An active performer in a variety of musical settings, including chamber music performances, choral presentations, instrumental and vocal recitals, Thoreson’s duets with flutist Carl Hall have been broadcast on National Public Radio. She has performed in England and throughout the United States with the Emory Concert Choir and toured as pianist with The Atlanta Boy Choir to England, Wales and Russia.
Two performers, several languages
Hopkin and Thoreson’s joint recital includes arias by Handel, Samuel Barber’s “Hermit Songs,” Hugo Wolf songs from the “Italienisches Liederbuch” and a group of songs by Duparc, Debussy, Poulenc and Liszt, with selections in English, Italian, French and German.
“The repertoire is almost all music I’ve performed before and just can’t seem to let go,” Hopkin said. “It’s my favorite stuff, and the few new songs are ones I’ve been wanting to sing. It’s such a joy to be able to go back to old material and find something new. That’s the mark of a great composer, in my mind—there’s always more to learn, more to discover, more to communicate.”

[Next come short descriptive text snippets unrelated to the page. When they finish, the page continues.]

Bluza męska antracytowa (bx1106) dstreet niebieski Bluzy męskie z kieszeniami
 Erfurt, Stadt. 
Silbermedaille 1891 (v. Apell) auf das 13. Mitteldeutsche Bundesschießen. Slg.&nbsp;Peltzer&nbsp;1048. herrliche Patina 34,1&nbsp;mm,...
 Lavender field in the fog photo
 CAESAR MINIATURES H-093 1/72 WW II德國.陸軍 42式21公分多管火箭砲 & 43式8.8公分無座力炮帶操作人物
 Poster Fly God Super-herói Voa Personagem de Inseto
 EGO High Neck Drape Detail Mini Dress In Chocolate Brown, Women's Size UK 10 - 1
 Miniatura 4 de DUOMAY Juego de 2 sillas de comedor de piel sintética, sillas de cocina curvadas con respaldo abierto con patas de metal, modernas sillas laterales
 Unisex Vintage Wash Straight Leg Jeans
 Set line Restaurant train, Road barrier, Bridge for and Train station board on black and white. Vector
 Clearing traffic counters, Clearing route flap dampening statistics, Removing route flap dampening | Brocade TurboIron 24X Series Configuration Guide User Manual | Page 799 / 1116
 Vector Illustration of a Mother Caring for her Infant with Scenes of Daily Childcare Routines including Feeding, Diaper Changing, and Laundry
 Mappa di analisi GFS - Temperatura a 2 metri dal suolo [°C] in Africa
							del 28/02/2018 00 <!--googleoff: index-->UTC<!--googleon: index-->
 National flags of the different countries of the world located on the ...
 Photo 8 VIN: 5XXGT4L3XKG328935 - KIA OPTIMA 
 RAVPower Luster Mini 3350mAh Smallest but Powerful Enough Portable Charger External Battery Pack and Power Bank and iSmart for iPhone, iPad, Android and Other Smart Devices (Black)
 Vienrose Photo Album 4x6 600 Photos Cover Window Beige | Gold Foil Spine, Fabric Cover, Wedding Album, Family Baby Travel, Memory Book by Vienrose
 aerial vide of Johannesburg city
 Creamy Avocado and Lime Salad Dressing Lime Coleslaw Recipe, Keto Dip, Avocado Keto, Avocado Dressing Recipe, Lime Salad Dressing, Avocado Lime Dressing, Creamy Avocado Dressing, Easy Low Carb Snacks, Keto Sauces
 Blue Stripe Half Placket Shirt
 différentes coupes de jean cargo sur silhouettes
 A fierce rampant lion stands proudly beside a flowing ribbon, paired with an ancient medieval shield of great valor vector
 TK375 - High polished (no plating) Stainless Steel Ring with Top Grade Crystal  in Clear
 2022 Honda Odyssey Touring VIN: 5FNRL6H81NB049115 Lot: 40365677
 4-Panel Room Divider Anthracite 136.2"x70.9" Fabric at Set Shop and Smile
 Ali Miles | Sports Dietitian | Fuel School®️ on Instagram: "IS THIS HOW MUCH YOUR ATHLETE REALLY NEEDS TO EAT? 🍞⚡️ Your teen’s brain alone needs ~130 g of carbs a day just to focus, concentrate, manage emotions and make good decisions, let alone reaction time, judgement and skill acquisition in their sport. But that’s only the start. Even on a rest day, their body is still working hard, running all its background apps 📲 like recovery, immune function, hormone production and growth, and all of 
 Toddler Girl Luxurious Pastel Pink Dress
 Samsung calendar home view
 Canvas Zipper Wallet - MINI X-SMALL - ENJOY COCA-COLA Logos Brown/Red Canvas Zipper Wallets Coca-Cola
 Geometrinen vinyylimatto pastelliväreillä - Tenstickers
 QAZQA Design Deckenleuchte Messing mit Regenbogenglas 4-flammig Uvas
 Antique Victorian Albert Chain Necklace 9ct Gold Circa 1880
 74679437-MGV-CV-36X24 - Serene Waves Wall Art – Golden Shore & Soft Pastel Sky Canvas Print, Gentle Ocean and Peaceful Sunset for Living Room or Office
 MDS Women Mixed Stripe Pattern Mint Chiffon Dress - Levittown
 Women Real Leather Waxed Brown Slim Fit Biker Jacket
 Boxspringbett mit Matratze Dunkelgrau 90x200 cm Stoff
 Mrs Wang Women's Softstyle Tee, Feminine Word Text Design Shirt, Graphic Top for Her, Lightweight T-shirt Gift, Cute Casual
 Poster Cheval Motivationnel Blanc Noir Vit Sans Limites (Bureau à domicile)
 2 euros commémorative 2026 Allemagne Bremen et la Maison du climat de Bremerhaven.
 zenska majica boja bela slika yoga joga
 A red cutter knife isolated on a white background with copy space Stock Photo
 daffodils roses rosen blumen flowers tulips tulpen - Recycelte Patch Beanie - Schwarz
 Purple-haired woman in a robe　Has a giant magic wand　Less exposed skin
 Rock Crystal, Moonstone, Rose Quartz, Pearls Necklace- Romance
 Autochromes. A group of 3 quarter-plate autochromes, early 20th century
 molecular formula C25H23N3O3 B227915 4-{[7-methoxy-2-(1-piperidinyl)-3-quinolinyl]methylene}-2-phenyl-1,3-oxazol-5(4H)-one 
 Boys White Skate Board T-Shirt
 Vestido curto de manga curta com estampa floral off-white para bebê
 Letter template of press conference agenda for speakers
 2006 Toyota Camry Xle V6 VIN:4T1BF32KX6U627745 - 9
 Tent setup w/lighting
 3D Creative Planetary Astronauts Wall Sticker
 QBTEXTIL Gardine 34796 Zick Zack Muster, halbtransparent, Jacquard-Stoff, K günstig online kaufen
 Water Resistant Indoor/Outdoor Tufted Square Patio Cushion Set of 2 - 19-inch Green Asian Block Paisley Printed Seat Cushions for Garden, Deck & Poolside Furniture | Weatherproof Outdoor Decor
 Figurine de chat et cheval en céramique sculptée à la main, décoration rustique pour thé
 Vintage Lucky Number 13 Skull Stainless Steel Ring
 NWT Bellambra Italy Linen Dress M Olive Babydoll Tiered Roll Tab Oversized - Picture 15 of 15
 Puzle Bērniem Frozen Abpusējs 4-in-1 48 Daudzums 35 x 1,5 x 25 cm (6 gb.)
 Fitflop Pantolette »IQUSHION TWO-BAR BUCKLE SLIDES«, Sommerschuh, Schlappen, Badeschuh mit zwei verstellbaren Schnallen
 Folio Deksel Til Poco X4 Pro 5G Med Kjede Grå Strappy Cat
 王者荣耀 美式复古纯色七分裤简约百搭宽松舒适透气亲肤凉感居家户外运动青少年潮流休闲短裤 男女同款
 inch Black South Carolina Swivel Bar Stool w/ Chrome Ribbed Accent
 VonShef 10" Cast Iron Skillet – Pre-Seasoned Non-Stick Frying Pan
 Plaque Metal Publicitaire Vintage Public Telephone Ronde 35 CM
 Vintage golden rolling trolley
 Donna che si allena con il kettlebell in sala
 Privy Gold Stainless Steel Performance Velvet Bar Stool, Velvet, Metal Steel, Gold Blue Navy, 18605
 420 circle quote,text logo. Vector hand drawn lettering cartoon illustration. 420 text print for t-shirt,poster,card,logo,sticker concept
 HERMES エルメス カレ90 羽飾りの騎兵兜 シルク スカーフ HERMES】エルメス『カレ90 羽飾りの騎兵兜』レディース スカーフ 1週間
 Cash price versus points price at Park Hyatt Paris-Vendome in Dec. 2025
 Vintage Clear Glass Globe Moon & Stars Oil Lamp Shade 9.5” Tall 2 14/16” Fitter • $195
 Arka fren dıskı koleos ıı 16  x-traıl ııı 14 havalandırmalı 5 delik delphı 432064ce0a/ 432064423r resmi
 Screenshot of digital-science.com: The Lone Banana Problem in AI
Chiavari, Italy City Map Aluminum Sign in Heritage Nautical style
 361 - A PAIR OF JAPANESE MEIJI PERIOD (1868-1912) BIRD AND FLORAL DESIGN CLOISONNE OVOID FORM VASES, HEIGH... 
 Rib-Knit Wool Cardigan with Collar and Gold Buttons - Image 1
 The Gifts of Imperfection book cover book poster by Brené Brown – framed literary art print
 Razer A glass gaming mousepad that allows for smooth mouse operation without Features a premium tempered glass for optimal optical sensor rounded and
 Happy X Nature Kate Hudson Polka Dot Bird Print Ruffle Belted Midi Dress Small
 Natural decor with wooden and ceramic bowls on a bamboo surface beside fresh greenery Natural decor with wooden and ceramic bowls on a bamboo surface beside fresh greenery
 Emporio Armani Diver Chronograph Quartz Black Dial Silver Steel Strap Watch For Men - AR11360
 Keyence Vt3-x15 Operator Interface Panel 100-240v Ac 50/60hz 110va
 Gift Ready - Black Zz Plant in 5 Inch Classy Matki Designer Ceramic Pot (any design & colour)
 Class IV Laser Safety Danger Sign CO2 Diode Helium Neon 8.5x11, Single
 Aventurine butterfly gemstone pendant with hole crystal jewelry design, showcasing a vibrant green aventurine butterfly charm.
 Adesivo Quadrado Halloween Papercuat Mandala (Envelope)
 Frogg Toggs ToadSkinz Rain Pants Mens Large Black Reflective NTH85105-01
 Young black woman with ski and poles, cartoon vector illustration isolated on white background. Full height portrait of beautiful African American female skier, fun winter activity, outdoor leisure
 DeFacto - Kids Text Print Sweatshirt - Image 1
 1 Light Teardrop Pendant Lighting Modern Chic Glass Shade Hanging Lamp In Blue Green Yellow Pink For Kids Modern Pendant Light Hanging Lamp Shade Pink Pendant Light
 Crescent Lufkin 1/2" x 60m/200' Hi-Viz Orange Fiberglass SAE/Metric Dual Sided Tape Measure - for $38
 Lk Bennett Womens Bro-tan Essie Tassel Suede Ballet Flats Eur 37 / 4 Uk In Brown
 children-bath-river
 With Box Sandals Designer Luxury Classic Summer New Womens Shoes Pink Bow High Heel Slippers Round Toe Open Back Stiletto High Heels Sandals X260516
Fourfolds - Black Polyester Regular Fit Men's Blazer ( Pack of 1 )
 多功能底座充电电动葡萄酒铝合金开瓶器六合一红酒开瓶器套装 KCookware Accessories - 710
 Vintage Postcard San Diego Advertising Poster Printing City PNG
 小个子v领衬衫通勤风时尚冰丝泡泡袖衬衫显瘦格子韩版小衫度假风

The two will have the opportunity to perform the first group of this recital (the Handel arias) a second time on March 4 for the Ancient Song Conference, hosted by Department of Classics at the Carlos Museum. Other future performances include Hopkin’s turn next fall with colleague William Ransom, Mary Emerson Professor of Piano and director of piano studies, and a premier of an Everett composition with the Emory Symphony Orchestra. On March 5 at 4 p.m., Thoreson will perform two of the “Goldberg Variations” at the Schwartz Center (a concert presented by the Emory Chamber Music Society of Atlanta that features the entire Emory piano, organ and harpsichord faculty, the Emory Concert Choir, and a string trio dividing up the “Variations”).